* _Supplied data_:
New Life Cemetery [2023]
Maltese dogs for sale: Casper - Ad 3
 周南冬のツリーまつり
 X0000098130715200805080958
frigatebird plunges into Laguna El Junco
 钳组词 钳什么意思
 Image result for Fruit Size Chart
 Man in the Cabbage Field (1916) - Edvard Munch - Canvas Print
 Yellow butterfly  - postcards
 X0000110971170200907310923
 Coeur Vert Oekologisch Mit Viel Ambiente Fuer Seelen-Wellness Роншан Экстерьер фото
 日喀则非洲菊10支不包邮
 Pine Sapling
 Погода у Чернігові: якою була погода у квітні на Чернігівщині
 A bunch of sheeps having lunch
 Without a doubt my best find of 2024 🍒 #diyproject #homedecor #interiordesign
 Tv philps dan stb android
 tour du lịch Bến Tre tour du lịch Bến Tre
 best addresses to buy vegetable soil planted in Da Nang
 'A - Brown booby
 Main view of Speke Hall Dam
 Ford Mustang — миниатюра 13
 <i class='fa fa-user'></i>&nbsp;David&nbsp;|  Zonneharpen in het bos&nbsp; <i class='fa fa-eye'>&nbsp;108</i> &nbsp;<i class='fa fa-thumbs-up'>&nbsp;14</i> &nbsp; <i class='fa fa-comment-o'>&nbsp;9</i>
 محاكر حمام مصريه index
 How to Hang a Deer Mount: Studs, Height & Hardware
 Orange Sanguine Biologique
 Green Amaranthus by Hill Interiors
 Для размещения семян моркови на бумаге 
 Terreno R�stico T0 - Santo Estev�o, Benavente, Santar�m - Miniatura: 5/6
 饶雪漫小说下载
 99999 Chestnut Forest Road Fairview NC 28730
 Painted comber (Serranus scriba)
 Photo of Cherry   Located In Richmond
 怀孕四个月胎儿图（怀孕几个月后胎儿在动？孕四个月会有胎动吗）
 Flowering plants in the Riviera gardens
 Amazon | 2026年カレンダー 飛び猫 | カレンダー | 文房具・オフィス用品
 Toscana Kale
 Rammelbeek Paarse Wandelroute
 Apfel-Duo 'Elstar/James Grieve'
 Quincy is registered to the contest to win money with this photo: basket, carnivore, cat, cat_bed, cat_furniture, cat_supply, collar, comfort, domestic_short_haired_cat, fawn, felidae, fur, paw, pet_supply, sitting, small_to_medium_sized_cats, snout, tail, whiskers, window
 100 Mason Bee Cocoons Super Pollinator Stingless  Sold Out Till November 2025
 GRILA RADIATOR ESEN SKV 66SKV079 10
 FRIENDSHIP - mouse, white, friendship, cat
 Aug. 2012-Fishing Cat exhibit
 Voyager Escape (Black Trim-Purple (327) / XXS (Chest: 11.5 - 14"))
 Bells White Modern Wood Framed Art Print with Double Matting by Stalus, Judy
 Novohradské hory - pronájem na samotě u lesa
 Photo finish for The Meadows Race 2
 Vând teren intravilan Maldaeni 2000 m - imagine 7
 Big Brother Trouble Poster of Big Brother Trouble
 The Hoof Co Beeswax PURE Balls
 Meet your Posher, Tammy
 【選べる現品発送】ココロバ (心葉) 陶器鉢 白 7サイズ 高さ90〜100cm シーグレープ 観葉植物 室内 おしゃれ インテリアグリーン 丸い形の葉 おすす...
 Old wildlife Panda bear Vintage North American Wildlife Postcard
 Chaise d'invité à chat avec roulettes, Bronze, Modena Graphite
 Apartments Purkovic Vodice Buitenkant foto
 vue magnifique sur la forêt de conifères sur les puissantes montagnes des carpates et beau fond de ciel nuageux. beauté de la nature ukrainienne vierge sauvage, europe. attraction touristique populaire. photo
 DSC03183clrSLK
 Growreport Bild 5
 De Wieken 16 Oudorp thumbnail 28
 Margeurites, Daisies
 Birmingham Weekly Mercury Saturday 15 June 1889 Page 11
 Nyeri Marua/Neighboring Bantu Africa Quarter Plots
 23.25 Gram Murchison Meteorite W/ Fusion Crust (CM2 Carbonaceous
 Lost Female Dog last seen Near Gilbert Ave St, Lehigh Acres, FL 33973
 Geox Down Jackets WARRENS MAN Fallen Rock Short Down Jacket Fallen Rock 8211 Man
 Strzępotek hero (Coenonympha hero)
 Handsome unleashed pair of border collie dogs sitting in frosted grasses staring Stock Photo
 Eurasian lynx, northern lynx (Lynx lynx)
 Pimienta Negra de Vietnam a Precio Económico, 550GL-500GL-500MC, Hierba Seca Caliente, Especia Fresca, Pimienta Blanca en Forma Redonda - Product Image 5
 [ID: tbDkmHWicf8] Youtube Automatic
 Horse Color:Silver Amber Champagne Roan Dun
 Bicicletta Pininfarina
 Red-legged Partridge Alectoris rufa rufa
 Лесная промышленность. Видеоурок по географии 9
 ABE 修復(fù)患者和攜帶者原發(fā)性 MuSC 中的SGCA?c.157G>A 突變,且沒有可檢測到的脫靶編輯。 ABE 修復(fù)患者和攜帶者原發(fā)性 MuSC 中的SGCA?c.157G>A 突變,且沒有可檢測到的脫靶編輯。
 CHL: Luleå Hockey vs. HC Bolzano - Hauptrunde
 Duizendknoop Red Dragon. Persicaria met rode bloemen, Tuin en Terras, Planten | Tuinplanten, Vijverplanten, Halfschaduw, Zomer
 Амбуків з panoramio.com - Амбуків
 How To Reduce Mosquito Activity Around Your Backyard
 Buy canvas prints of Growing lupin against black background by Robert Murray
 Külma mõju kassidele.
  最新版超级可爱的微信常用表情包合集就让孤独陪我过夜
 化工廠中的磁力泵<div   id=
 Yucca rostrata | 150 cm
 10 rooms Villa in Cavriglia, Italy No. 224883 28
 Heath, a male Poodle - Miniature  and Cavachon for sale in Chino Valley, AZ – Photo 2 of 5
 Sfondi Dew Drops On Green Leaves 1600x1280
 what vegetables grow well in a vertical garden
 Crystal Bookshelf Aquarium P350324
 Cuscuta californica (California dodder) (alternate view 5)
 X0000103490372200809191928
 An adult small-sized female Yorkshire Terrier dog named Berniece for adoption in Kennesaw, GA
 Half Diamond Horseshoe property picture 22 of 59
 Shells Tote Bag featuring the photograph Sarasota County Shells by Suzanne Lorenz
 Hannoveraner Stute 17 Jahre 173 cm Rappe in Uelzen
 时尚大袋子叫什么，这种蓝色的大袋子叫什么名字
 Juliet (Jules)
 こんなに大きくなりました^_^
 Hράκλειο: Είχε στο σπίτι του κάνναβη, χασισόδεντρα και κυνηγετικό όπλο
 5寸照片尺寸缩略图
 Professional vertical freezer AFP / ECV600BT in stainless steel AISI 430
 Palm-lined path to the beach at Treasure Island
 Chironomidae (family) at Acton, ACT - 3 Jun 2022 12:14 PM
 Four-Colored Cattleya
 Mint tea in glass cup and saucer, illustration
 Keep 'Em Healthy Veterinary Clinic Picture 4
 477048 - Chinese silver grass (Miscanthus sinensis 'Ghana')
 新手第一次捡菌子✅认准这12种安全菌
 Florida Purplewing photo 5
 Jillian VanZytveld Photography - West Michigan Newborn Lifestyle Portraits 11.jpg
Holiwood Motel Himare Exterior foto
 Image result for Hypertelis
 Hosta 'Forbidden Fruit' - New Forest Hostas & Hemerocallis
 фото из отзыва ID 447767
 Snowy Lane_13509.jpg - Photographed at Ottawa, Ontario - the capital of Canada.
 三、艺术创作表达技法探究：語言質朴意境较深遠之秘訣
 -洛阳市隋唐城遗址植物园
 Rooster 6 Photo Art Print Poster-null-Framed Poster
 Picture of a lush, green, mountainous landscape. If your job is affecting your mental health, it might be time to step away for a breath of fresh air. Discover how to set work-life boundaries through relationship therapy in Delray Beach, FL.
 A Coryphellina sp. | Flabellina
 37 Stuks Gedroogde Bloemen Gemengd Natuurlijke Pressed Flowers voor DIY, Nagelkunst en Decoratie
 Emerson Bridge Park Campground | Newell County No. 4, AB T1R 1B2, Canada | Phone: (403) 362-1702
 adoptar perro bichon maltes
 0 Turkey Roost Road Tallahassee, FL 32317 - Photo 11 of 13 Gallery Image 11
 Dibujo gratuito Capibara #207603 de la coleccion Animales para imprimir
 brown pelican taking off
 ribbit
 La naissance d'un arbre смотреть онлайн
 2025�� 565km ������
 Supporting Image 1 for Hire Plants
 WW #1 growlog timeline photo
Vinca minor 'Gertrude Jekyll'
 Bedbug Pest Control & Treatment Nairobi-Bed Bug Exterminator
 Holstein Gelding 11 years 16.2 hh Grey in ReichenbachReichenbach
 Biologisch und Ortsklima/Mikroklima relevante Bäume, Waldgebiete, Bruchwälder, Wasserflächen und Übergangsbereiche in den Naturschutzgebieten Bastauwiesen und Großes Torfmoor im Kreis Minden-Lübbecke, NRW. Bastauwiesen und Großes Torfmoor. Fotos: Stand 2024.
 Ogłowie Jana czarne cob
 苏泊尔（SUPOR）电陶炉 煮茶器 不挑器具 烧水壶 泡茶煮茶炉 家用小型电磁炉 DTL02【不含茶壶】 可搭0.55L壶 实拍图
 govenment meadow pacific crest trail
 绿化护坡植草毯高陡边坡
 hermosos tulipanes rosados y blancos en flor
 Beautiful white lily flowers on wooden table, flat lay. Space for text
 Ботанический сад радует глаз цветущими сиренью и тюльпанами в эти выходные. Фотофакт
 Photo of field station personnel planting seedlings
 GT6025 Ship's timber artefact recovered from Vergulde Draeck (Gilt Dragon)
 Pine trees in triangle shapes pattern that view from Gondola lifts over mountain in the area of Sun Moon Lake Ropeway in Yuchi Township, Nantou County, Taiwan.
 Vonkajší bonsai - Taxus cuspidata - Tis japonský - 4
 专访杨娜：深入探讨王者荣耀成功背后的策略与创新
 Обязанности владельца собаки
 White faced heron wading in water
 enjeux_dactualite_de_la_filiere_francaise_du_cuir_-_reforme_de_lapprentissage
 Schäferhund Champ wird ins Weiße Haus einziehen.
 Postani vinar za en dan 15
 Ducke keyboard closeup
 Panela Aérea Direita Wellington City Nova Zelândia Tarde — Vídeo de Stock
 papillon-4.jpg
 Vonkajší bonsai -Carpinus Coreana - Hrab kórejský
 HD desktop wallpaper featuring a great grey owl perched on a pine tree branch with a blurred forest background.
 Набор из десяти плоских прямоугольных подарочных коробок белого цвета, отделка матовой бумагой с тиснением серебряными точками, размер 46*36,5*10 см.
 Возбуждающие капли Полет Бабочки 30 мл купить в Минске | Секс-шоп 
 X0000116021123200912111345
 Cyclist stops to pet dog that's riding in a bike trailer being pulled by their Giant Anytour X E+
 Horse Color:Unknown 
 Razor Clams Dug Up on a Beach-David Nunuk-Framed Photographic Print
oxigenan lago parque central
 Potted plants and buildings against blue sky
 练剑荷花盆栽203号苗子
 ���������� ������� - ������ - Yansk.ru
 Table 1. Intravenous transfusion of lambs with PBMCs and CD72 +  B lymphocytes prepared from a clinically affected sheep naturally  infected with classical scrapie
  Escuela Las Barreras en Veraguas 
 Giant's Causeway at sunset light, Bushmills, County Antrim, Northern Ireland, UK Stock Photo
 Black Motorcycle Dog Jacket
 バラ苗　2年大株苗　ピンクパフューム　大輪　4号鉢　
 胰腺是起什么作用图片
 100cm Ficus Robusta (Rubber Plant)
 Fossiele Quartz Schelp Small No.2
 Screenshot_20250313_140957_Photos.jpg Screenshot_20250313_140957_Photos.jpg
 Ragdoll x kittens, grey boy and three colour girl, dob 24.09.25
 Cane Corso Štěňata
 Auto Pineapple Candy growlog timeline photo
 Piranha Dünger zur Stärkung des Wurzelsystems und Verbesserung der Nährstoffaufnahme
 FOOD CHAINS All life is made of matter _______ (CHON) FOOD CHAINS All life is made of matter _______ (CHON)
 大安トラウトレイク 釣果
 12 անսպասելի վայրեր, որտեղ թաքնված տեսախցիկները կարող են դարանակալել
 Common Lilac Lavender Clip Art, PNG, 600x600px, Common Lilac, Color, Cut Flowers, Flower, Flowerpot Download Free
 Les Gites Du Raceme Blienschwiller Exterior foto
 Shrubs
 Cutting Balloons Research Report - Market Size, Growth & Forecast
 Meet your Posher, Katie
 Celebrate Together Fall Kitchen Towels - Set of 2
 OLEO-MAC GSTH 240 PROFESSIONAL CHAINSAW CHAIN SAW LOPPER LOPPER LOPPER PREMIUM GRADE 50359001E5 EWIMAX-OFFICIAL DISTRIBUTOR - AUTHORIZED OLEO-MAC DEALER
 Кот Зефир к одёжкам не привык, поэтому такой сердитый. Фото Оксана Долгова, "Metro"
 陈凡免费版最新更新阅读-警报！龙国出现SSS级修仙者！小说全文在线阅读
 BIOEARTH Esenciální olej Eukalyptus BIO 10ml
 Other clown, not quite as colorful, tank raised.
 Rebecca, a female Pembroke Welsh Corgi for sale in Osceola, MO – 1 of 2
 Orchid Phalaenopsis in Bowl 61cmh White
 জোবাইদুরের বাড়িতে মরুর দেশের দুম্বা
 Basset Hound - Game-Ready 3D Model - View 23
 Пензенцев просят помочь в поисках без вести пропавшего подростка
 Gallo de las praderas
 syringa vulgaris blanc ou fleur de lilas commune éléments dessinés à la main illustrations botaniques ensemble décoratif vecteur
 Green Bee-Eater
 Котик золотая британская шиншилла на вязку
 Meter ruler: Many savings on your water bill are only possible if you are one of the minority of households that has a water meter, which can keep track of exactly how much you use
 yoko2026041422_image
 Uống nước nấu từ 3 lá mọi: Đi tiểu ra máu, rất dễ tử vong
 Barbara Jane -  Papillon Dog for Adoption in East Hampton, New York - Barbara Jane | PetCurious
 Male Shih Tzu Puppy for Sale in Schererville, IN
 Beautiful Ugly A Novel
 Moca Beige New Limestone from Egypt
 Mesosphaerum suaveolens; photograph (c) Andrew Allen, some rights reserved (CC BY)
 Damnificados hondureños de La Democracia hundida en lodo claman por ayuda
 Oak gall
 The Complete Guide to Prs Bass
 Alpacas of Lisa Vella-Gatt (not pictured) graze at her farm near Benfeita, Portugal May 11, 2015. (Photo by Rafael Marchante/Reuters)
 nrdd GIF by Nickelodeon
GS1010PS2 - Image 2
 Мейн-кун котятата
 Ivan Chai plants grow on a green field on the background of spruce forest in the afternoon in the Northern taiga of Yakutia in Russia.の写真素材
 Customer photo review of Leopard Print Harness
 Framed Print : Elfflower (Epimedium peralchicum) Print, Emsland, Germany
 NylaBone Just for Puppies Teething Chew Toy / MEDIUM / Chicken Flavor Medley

* _The problem_:
Without changing anything, quote the lines from the top of the data to the line that contains "Big Brother Trouble Poster", including that line.

* _Task result_:
New Life Cemetery [2023]
Maltese dogs for sale: Casper - Ad 3
 周南冬のツリーまつり
 X0000098130715200805080958
frigatebird plunges into Laguna El Junco
 钳组词 钳什么意思
 Image result for Fruit Size Chart
 Man in the Cabbage Field (1916) - Edvard Munch - Canvas Print
 Yellow butterfly  - postcards
 X0000110971170200907310923
 Coeur Vert Oekologisch Mit Viel Ambiente Fuer Seelen-Wellness Роншан Экстерьер фото
 日喀则非洲菊10支不包邮
 Pine Sapling
 Погода у Чернігові: якою була погода у квітні на Чернігівщині
 A bunch of sheeps having lunch
 Without a doubt my best find of 2024 🍒 #diyproject #homedecor #interiordesign
 Tv philps dan stb android
 tour du lịch Bến Tre tour du lịch Bến Tre
 best addresses to buy vegetable soil planted in Da Nang
 'A - Brown booby
 Main view of Speke Hall Dam
 Ford Mustang — миниатюра 13
 <i class='fa fa-user'></i>&nbsp;David&nbsp;|  Zonneharpen in het bos&nbsp; <i class='fa fa-eye'>&nbsp;108</i> &nbsp;<i class='fa fa-thumbs-up'>&nbsp;14</i> &nbsp; <i class='fa fa-comment-o'>&nbsp;9</i>
 محاكر حمام مصريه index
 How to Hang a Deer Mount: Studs, Height & Hardware
 Orange Sanguine Biologique
 Green Amaranthus by Hill Interiors
 Для размещения семян моркови на бумаге 
 Terreno R�stico T0 - Santo Estev�o, Benavente, Santar�m - Miniatura: 5/6
 饶雪漫小说下载
 99999 Chestnut Forest Road Fairview NC 28730
 Painted comber (Serranus scriba)
 Photo of Cherry   Located In Richmond
 怀孕四个月胎儿图（怀孕几个月后胎儿在动？孕四个月会有胎动吗）
 Flowering plants in the Riviera gardens
 Amazon | 2026年カレンダー 飛び猫 | カレンダー | 文房具・オフィス用品
 Toscana Kale
 Rammelbeek Paarse Wandelroute
 Apfel-Duo 'Elstar/James Grieve'
 Quincy is registered to the contest to win money with this photo: basket, carnivore, cat, cat_bed, cat_furniture, cat_supply, collar, comfort, domestic_short_haired_cat, fawn, felidae, fur, paw, pet_supply, sitting, small_to_medium_sized_cats, snout, tail, whiskers, window
 100 Mason Bee Cocoons Super Pollinator Stingless  Sold Out Till November 2025
 GRILA RADIATOR ESEN SKV 66SKV079 10
 FRIENDSHIP - mouse, white, friendship, cat
 Aug. 2012-Fishing Cat exhibit
 Voyager Escape (Black Trim-Purple (327) / XXS (Chest: 11.5 - 14"))
 Bells White Modern Wood Framed Art Print with Double Matting by Stalus, Judy
 Novohradské hory - pronájem na samotě u lesa
 Photo finish for The Meadows Race 2
 Vând teren intravilan Maldaeni 2000 m - imagine 7
 Big Brother Trouble Poster of Big Brother Trouble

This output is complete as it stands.